Toujours selon Christine Détrez, le crush a ainsi pour fonction d’alimenter notamment les conversations et, de fait, l’amitié : « C’est presque une relation triangulaire. » Et dans ce jeu amoureux, on n’hésite même plus à parler de « stalking » (de l’anglais « traquer »). Sondé, Nathan, 16 ans, s’insurge d’ailleurs : « Je ne vais pas tomber dans les préjugés, mais c’est vraiment un truc de filles qui aiment ragoter sur nos vies. Pas question d’envoyer un message au crush de mon lycée, je ne sais pas qui tient le compte. Et si c’était quelqu’un que je déteste ? » Mais des garçons s’adonnent pourtant à la pratique, assure Christine Détrez : « L’un d’eux, 23 ans, m’a dit que le crush permettait de remettre du romantisme dans sa vie. Parce que, avec Tinder, on peut maintenant se retrouver au lit avec quelqu’un avant de lui avoir demandé son prénom. Il soutient que sa génération trouve Tinder dégueulasse. J’ai également croisé une adolescente avec un T-shirt imprimé : “Tinder kills romantics” (Tinder tue les romantiques). Et comme le flirt permettait le rapprochement des corps tout en essayant d’éviter la grossesse, le crush permet de rebroder des histoires au moment où l’acte sexuel est facile. »

Et si cette passion secrète, surtout vouée à rester « sans contact », était aussi une conséquence de l’ère  #MeToo, alors que la nouvelle génération entend pléthore d’affaires sinistres sur les violences sexuelles et conjugales ? D’après Juliette, beaucoup de ses contemporains ne sont d’ailleurs pas pressés de se caser : « Même au lycée, on entend régulièrement des histoires d’agressions.

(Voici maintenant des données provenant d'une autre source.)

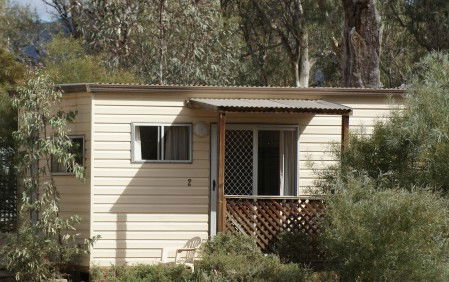Quorn Caravan Park - Dalby Accommodation 1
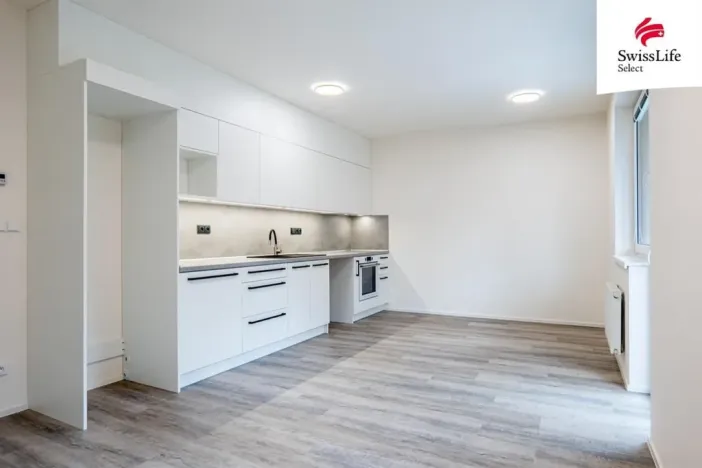 Pronájem bytu 2+kk, Rychnov u Jablonce nad Nisou, Mlýnská, 54 m2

Du coup, il est beaucoup plus rare que les gens soient en couple puisqu’il y a l’idée de trouver la bonne personne. Et en attendant, peut-être rêvons-nous à travers ces crushs ? »

Hélas, l’obsession peut mener au burn-out, comme en témoigne Lilia, 23 ans, qui prépare un documentaire sur le crush : « J’ai réalisé que chaque soir je m’endors en inventant des histoires parfaites avec mon crush du moment, au lieu de penser à mes propres réalisations. Je peux aussi aller dans une soirée où je sais que la personne est là, ce qui va changer toute ma manière d’être. Et je réfléchis à la charge mentale que représente cette vision de l’amour. »

Un temps pour tout ? Démarré au collège, le crush perd de sa saveur passé la vingtaine : « Pour se détacher des pratiques de crush lycéennes, les jeunes femmes réinvestissent les lectures féministes, constate Christine Détrez. Elles se rendent compte qu’à travers leurs enquêtes elles essaient souvent de se fondre dans le moule des goûts de l’autre. L’une d’elles m’a confié qu’un de ses crushs était fou de Formule 1 et de rap, et qu’elle s’était mise à aimer ça. Deux mois après, son nouveau crush aimait Miyazaki, elle regardait tous ses films. Elle se demandait : “Et moi, qui je suis ?” » Sinon, il reste le dur apprentissage de la matérialité de l’autre, comme pour Juliette, qui sort enfin avec son crushé. « Je dirais que c’est à la fois une fierté… et une déception. » Crush ou flirt, il faut choisir.